[Dataset extract Boundary: Start]

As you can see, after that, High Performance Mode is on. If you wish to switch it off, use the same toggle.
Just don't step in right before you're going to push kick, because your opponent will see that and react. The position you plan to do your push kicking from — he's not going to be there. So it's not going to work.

[Dataset extract Boundary: End]
[Dataset extract Boundary: Start]

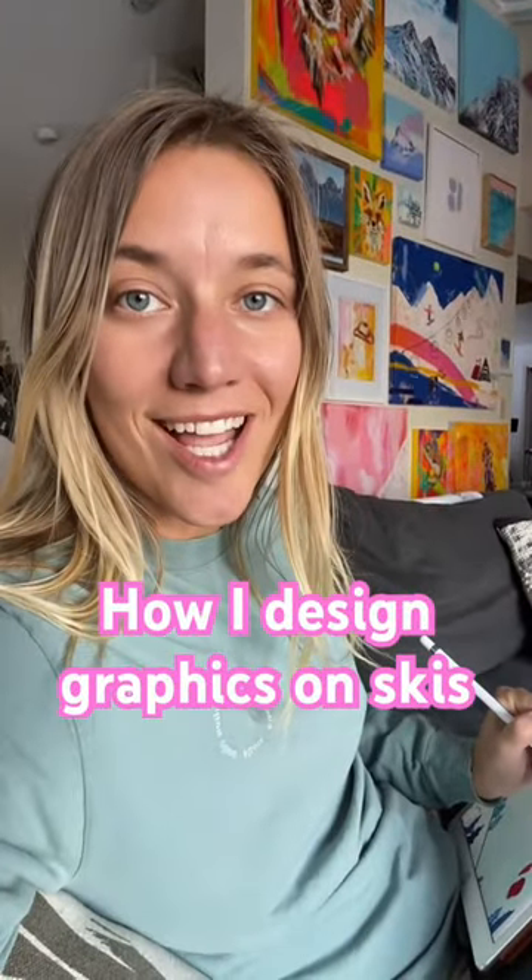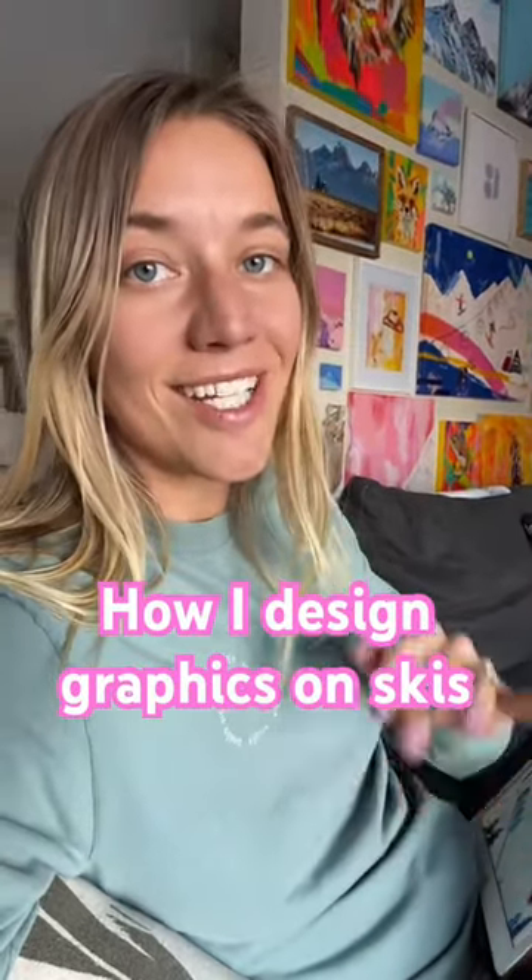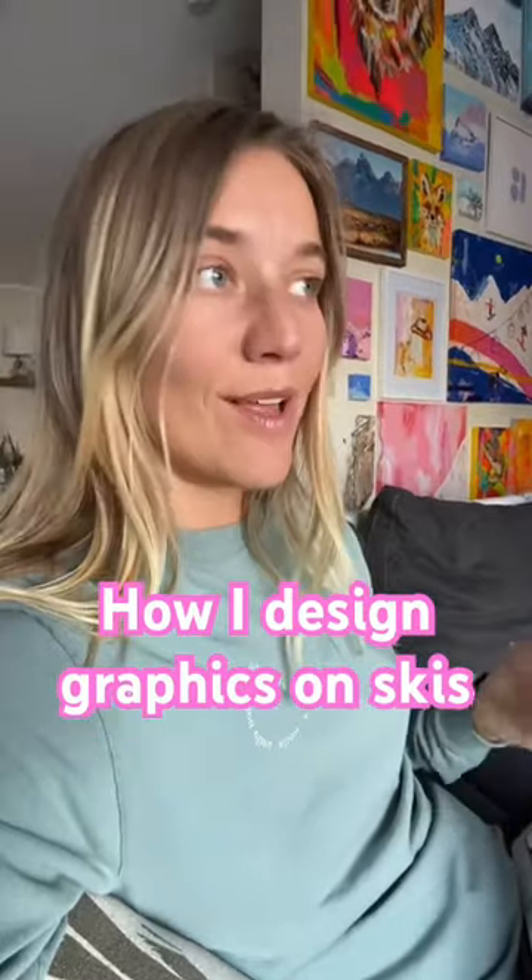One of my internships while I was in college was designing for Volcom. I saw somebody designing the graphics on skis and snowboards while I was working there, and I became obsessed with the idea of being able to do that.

[Dataset extract Boundary: End]
[Dataset extract Boundary: Start]

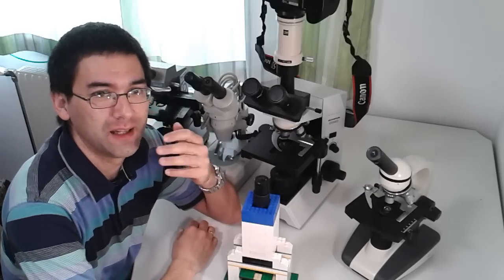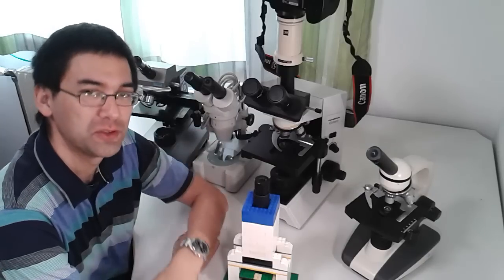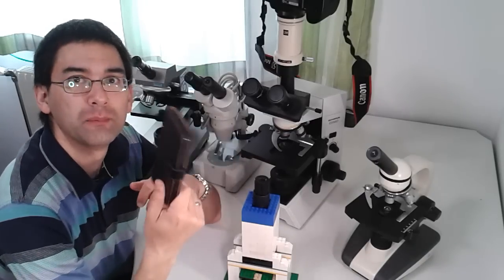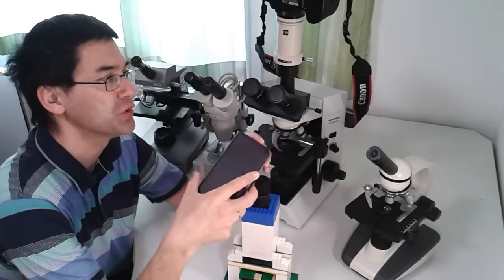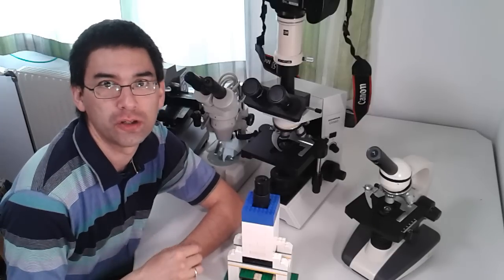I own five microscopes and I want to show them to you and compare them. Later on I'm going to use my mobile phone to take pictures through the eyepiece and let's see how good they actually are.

[Dataset extract Boundary: End]

Give back exactly the lines above, from the line containing "As you can see, after" through the line containing "Just don't step", with both end lines and nothing more.

### Answer to this exercise
As you can see, after that, High Performance Mode is on. If you wish to switch it off, use the same toggle.
Just don't step in right before you're going to push kick, because your opponent will see that and react. The position you plan to do your push kicking from — he's not going to be there. So it's not going to work.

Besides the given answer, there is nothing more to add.